直火式エスプレッソメーカー(マキネッタ)とは?
What's エスプレッソ?
イタリアで生まれ、ヨーロッパからアメリカに人気が広がり、今や世界中で愛されているエスプレッソ。コーヒー本来の持つうまみを、デミタスカップと呼ばれる小さなカップに凝縮した、いわば「コーヒーの中のコーヒー」です。
ドリップ式が重力でコーヒーを抽出するのに対し、エスプレッソは、より高い圧力をコーヒー豆にかけて、一気にそれを行います。そのため、コーヒーのエキスは少量の湯だけで余すことなく抽出され、独特の深いコクが生み出されるのです。そして、抽出時間が短いことで、コーヒーの嫌味を出さず、そのうまみだけを上手に引き出しているのも大きな特徴です。
イタリアでは、コーヒー(Caffe:カッフェ)といえばこのエスプレッソのことを指し、人々の生活に欠かすことのできない飲み物になっています。「バール」という立ち飲み形式の喫茶店などで楽しむほか、それぞれの家庭においても、実に日常的なスタイルで毎日のエスプレッソを楽しんでいるのです。
また、エスプレッソは、そのアレンジバリエーションが豊富なことも特徴の一つです。

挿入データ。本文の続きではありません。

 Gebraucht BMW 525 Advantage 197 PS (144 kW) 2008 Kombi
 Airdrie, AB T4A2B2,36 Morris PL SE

「カプチーノ」や「カフェラテ」はその代表的なものですが、ミルクの量が全体の半分以上を占めるこれらの飲み物は、ドリップ式のコーヒーでは味わえない、コクと香り豊かなエスプレッソならではの飲み方といえるでしょう。
電気式?直火式?
現在、日本で販売されているエスプレッソメーカーには、大きく分けて2つの種類があります。それは、電気式と直火式。それぞれどのような特徴があるのでしょうか。
【電気式エスプレッソメーカー】
電気式のエスプレッソメーカーは、通常、内蔵されたポンプで高い圧力を発生させ、これを利用してコーヒーの抽出を行う仕組み(ポンプ式)になっています。価格は直火式メーカーと比べるとかなり高価ですが、出来上がりのエスプレッソはより濃厚で、クレマと呼ばれる独特の泡が表面に発生します。通常、コーヒーショップなどで業務用に使われているのは、この電気式のマシンです。
また、電気式マシンにはこのポンプ式とは別に、蒸気の力を利用するタイプもあり、こちらは比較的低価格で入手できますが、ポンプ式のような高気圧を得ることはできません。
【直火式エスプレッソメーカー】
一方の直火式メーカーですが、こちらは文字通り、直接火にかけることで蒸気圧を生み出し、これを利用してコーヒーの抽出を行うエスプレッソメーカーです。得られる気圧は電気式(ポンプ式)ほど高くなく、クレマも、カップに注ぐとほとんど残らないほどしかできません。しかし、その抽出力は意外に強く、抽出後のコーヒーの粉がカチカチに固まる程度の蒸気圧が得られます。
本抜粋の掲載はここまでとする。